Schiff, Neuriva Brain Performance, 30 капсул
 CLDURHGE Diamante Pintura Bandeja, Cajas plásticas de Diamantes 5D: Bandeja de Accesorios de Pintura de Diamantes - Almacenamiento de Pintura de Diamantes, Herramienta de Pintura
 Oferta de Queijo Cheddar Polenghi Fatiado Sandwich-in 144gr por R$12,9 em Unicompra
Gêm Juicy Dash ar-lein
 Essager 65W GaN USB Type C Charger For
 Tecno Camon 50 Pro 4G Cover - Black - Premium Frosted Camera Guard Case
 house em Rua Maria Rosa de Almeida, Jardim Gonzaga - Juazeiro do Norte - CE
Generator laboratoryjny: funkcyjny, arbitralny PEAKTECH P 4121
########
**Required action**
Starting at the line that contains "house em Rua", print every line through the end of the listing, word for word. Leave out all the rest.

**Answer to the problem**
 house em Rua Maria Rosa de Almeida, Jardim Gonzaga - Juazeiro do Norte - CE
Generator laboratoryjny: funkcyjny, arbitralny PEAKTECH P 4121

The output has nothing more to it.